Une espèce aux populations très variables
Le poulpe possède une particularité biologique qui complique fortement le suivi scientifique : sa durée de vie est extrêmement courte, généralement autour d’un an. Autrement dit, chaque année correspond pratiquement à une nouvelle génération. Les populations peuvent donc varier très fortement selon les conditions environnementales. On observe parfois ce que les scientifiques appellent des « blooms » de poulpes : des années où l’espèce devient soudainement très abondante. En 2024 par exemple, des pêcheurs au Royaume-Uni ont signalé des captures jusqu’à soixante fois supérieures à celles des années précédentes. Des phénomènes similaires ont été observés en 2025 au Royaume-Uni. Ces variations sont souvent liées à la survie des jeunes individus, elle-même influencée par des facteurs environnementaux : température de l’eau, conditions météorologiques ou disponibilité alimentaire. La difficulté consiste ensuite à déterminer la part respective des facteurs naturels et des activités humaines, notamment la pêche.
Une zone relativement préservée
Dans le parc naturel marin du Cap Corse et des Agriates, la pression de pêche reste relativement faible. Quelques pêcheurs y travaillent, mais l’activité est limitée. Cela fait de cette zone un site particulièrement intéressant pour le suivi scientifique, car les populations y sont moins influencées par l’exploitation intensive que dans certaines régions de Méditerranée.

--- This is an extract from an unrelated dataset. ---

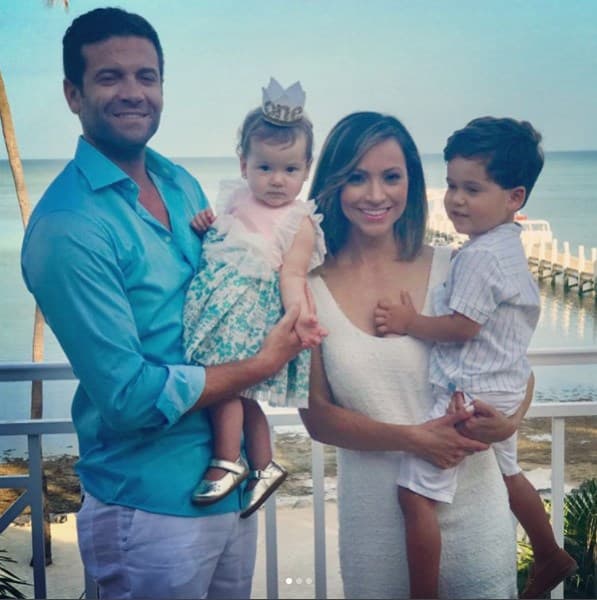 "Es la mejor bendición ser tus padres. Te amamos desde lo más profundo de nuestros corazones y le pedimos a Dios que nos ilumine para guíar tus pasos", fue el emotivo mensaje para su pequeña Alana.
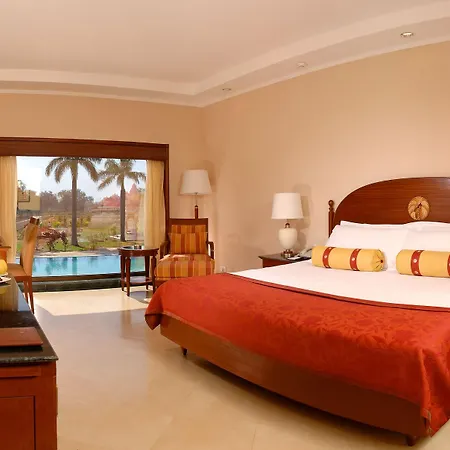 The Lalit Temple View Hotel Khajurāho Room photo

Dans des pays comme l’Espagne ou la Tunisie, la pêche au poulpe est beaucoup plus importante et peut jouer un rôle majeur dans la dynamique des populations.
Vers un protocole scientifique méditerranéen ?
L’un des enjeux majeurs de cette étude dépasse largement la seule Corse. Aujourd’hui, les données scientifiques sur le poulpe en Méditerranée restent fragmentaires et reposent sur des méthodes très différentes selon les pays et les équipes de recherche. Cela rend les comparaisons difficiles. À STARESO, nous avons développé un protocole d’observation reproductible, basé sur des plongées scientifiques et des relevés standardisés. L’idéal serait de pouvoir dupliquer ce protocole à plus grande échelle, dans d’autres parcs marins et sur d’autres littoraux méditerranéens. Un réseau de suivi coordonné permettrait d’obtenir des données comparables entre régions et d’améliorer considérablement la compréhension de cette espèce. À terme, cela pourrait contribuer à une gestion durable du poulpe en Méditerranée, en conciliant conservation des écosystèmes et activités de pêche.

Xavia Martelli est biologiste marine et chargée d’études à la station scientifique STARESO, en Corse, où elle travaille depuis 2023.

Originaire de Corse, elle est diplômée d’une licence de biologie puis d’un master en gestion intégrée du littoral et des écosystèmes, obtenu à l’Université de Corse à Corte. Ses travaux portent sur l’écologie côtière, la biodiversité marine et le suivi des populations d’espèces méditerranéennes.
Au sein de STARESO, elle participe à de nombreuses études environnementales conduites pour des collectivités, des ports, des parcs naturels marins et des gestionnaires d’espaces littoraux. Ses recherches combinent observations de terrain, plongée scientifique et analyse des dynamiques d’écosystèmes.
Elle pilote actuellement l’un des premiers programmes de suivi scientifique du poulpe commun (Octopus vulgaris) dans le parc naturel marin du Cap Corse et des Agriates, avec l’ambition de poser les bases d’un réseau de suivi méditerranéen de l’espèce.